▽
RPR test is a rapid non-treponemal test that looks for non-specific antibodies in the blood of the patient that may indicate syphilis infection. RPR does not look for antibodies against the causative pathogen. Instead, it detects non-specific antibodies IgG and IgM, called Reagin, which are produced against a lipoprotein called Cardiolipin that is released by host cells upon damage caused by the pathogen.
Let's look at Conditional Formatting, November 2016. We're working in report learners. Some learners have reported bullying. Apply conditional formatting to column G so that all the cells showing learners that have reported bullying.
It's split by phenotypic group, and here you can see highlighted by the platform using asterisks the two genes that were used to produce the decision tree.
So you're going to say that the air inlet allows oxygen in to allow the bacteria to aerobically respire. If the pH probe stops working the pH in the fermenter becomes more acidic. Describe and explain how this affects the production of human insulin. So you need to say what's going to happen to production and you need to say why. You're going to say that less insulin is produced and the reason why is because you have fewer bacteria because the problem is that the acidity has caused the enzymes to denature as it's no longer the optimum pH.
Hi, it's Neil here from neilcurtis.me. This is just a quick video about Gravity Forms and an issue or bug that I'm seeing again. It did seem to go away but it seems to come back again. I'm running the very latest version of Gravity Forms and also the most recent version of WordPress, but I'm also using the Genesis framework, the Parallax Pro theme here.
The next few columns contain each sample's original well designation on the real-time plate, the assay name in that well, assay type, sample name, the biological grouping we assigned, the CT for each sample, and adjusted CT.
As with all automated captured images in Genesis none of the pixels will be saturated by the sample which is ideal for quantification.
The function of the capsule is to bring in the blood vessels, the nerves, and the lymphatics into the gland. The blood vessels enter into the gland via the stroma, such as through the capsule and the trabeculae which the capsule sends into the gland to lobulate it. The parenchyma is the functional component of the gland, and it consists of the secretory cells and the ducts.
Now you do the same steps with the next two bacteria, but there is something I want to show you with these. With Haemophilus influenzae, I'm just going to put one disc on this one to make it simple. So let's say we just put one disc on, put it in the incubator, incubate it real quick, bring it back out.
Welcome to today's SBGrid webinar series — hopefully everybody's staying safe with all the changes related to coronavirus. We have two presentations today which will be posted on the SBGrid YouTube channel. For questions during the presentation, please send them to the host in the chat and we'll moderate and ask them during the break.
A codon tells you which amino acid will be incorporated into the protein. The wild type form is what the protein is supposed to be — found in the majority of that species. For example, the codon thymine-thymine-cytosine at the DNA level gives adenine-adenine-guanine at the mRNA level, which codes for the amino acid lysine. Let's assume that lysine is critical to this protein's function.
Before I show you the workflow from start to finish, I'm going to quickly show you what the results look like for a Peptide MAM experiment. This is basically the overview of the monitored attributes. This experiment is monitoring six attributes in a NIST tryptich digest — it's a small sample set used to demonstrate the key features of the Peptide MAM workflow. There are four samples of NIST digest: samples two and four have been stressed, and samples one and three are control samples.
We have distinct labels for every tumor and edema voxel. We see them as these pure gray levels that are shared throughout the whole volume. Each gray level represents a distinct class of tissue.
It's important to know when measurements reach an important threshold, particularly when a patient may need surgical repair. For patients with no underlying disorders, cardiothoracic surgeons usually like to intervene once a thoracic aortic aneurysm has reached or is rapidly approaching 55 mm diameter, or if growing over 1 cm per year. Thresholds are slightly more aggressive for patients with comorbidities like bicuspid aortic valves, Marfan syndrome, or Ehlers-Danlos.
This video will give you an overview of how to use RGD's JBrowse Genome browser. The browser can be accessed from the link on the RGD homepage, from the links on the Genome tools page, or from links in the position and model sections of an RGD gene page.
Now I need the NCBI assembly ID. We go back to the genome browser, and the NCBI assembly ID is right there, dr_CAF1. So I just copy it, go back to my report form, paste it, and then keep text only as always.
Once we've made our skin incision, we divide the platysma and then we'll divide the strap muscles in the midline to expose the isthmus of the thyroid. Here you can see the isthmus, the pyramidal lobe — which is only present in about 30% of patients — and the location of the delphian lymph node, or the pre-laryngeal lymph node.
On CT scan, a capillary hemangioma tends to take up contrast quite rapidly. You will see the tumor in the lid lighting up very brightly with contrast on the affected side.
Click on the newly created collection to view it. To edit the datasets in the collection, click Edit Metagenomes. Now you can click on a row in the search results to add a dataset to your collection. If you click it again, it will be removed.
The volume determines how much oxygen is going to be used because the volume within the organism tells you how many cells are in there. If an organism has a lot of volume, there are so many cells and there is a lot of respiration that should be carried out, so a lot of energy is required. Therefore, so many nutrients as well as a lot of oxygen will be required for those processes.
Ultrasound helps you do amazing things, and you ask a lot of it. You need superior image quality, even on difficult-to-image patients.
△
→ Problem description:
Please give back only the lines between the first line of the entries and the line with "Let's look at", both ends included, word for word.

→ Solution:
RPR test is a rapid non-treponemal test that looks for non-specific antibodies in the blood of the patient that may indicate syphilis infection. RPR does not look for antibodies against the causative pathogen. Instead, it detects non-specific antibodies IgG and IgM, called Reagin, which are produced against a lipoprotein called Cardiolipin that is released by host cells upon damage caused by the pathogen.
Let's look at Conditional Formatting, November 2016. We're working in report learners. Some learners have reported bullying. Apply conditional formatting to column G so that all the cells showing learners that have reported bullying.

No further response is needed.